Levofloxacin-Induced Toxic Epidermal Necrolysis in an Elderly Patient

Shana Digwood-Lettieri, Pharm.D., Kathleen J. Reilly, M.D., Linwood R. Haith, Jr., M.D., Mary L. Patton, M.D., Robert J. Guilday, M.D., Michael J. Cawley, Pharm.D., and Bruce H. Ackerman, Pharm.D.

Disclosures

Pharmacotherapy. 2002;22(6) 

In This Article

Case Report

A 78-year-old, obese (95-kg) Caucasian woman with a history of chronic obstructive pulmonary disease, hypertension, peripheral vascular disease, gastroesophageal reflux disease, type 2 diabetes, and bipolar disorder was discharged from a community hospital after treatment for exacerbation of chronic obstructive pulmonary disease and community-acquired pneumonia. Objective evidence supporting the diagnosis of community-acquired pneumonia included a chest radiograph demonstrating left lower lobe infiltrate, sputum production, and oxygen saturation 89% while receiving oxygen 2 L/minute through nasal cannula. Antimicrobial therapy for her pneumonia consisted of levofloxacin 500 mg/day for 10 days (intravenous for first 4 days, then oral). Clinical improvement of symptoms permitted the patient to be discharged after 7 days and continue the levofloxacin as an outpatient for 3 days. No changes were made at discharge to her long-term drug therapy (ranitidine, lisinopril, glipizide, isosorbide mononitrate, lorazepam, and furosemide).

Two days after completing the levofloxacin, the patient returned to the same hospital with itching and rash involving the head, back, and abdominal area. Physical examination was remarkable for large blistering lesions, erythematous rash, and the beginning of mucosal sloughing (Figure 1). Levofloxacin was implicated as the causative agent. On day 12 after initial discharge from the community hospital, rash progression to exfoliation warranted transfer of the patient to a burn treatment center.

Maculopapular rash with evolving bullae on the lower extremity of a patient with toxic epidermal necrolysis (photograph not obtained from our patient). Early progressive exfoliative disease, target lesions, and bullae are consistent with the lesions noted on our patient.

On admission, the patient was in no apparent distress. Vital signs included blood pressure 120/80 mm Hg, heart rate 80 beats/minute, and respiratory rate 18 breaths/minute and regular, and temperature 97.8°F. The exfoliative rash had progressed to involve 73% of the patient's total body surface area, including the head, complete anterior and posterior torso, upper extremities, and lower extremities to above the knees bilaterally. The rash progressed to involve the breasts, thighs, lower back, and gluteal areas with positive Nikolsky sign. Marked involvement was noted in the oral, vaginal, and nasal mucosa. These findings were consistent with a diagnosis of TEN. The patient's white blood cell count was 18.9 x 103/mm3. Her differential consisted of eosinophils 5.9%, monocytes 11%, lymphocytes 20%, granulocytes 62.7%, and basophils 0.4%, and her platelet count was 169 x 103/mm3, noted during hospital transfer.

The patient first was managed with fluid resuscitation with lactated Ringer's and placement of Conformant (Smith & Nephew Wound Management, Largo, FL) on affected areas to reduce pain and decrease risk of infection. Progressive improvement was noted during daily dressing changes, and Conformant was removed completely by day 4. Subsequent application of skin emollients maintained a moisture barrier. Pain was controlled with intravenous morphine sulfate 2 mg as needed.
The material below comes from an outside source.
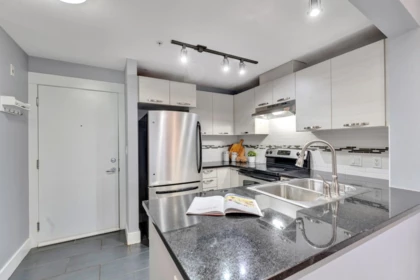308 7478 Byrnepark Walk, Burnaby, BC, Burnaby — Apartment/Condo for sale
Eight days after admission, a white blood cell count of 25.8 x 103/mm3 was noted with a low-grade fever of 100.8°F. Blood cultures identified methicillin-resistant Staphylococcus aureus. Urine culture identified multidrug-resistant Pseudomonas aeruginosa, susceptible only to imipenem-cilastatin. Therefore, intravenous vancomycin and imipenem-cilastatin, both 500 mg every 8 hours, were administered. Herpetic lesions were noted in the oral cavity, which warranted treatment with intravenous acyclovir 450 mg every 8 hours empirically. Fluconazole 200 mg/day was administered orally for potential yeast infection secondary to administration of extended-spectrum antibiotics. Over the next 4 days, the patient's condition improved, with her white blood cell count decreasing to 8.9 x 103/mm3, visual improvement in herpetic lesions, and absence of fever. Imipenem-cilastatin was discontinued, and intravenous acyclovir was switched to topical application for 14 days. Vancomycin was continued for 14 days, with therapeutic serum trough concentrations of 7.4 µg/dl achieved after 7 days of therapy. The patient's course steadily improved, with reepithelialization of the exfoliated areas, normalization of blood indexes, and normalization of vital signs and temperature. She was discharged to a rehabilitation facility 22 days after admission to the burn treatment center.